Oil producers are one of the few commodity exposures at present that can put aside tepid global growth forecasts and taper talks, which are ordinarily bearish for the commodity. Geopolitical forces are going to override this for the time being. Unrest in the Middle East is something we have become accustomed to but what we are experiencing now with Egypt is decidedly different.
Oil prices have been driven higher by continued concerns that unrest in Egypt could disrupt global supply. In Libya, protests have left only one port open, resulting in reduced exports. We could be facing a serious reduction in transportable oil.
Putting aside the geopolitical stresses, a weaker Australian dollar and higher oil price is favourable for Australian oil producers.
For this week alone, oil and gas explorers and producers Oil Search and Santos are up around 2.4 per cent and 1.4 per cent respectively, with oil gaining just over 3 per cent. In comparison, the broader ASX 200 index is up only a little more than 1 per cent.
A higher oil price is something Australian oil producers should enjoy. There is a correlation between the price of oil and the share price performance of major oil producers here in Australia. The past two years have seen both Santos and Oil Search stock closely mirroring the price of oil.
Higher oil prices have historically moved oil stocks higher. There is no reason to suggest this will change in the future. We have seen the impact commodity prices have on companies – ask BHP Billiton and Rio Tinto how they feel about the iron ore price.

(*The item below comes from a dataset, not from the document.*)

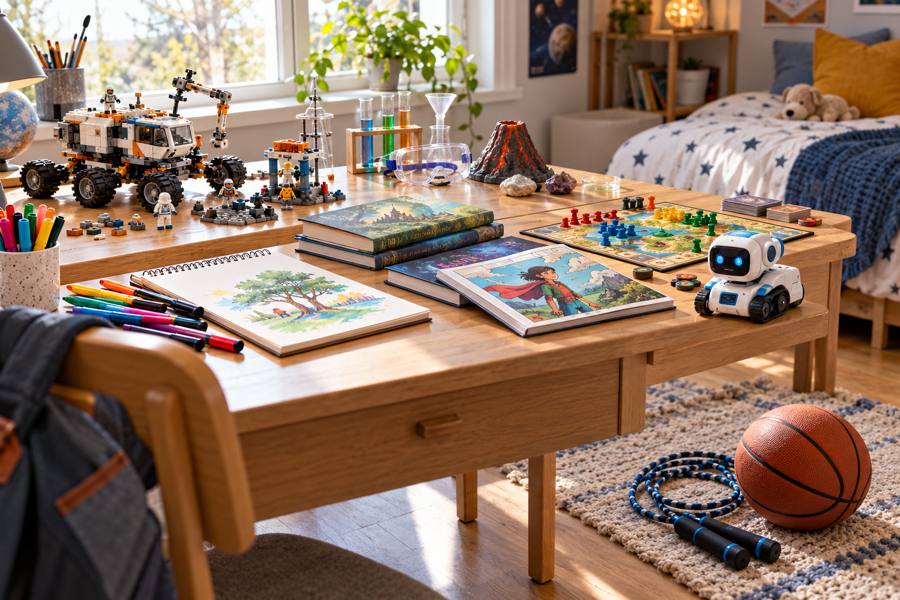 Kit de construcción, robot educativo, libros infantiles, juego de estrategia, materiales de dibujo y balón en una habitación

Oil producers are one of the few commodity exposures at present that can put aside tepid global growth forecasts and taper talks, which are ordinarily bearish for the commodity. Geopolitical forces are going to override this for the time being.
Unrest in the Middle East is something we have become accustomed to but what we are experiencing now with Egypt is decidedly different. A state of emergency has been declared following the killing of over 500 people after security forces broke up sit-ins. Disruption to Egypt’s control of the Suez Canal, which is the passageway for tankers carrying oil to Europe and North America, can hinder the distribution of oil.
Further adding to supply considerations, the US and European Union sanctions imposed on Iran last year in a bid to reduce its ability to fund its suspected nuclear weapons program are still in place. The US House of Representatives has since passed another sanction against Iran, aiming to remove an additional one million barrels of Iranian oil per day from the market over the coming year.
On a day like today when the entire market – bar a few – is seeing red, oil stocks offer some respite.
Geopolitical risk has always and will continue to drive volatility encompassing the price of oil. Consequently it presents short-term trading opportunities if you are prepared to stomach the downside.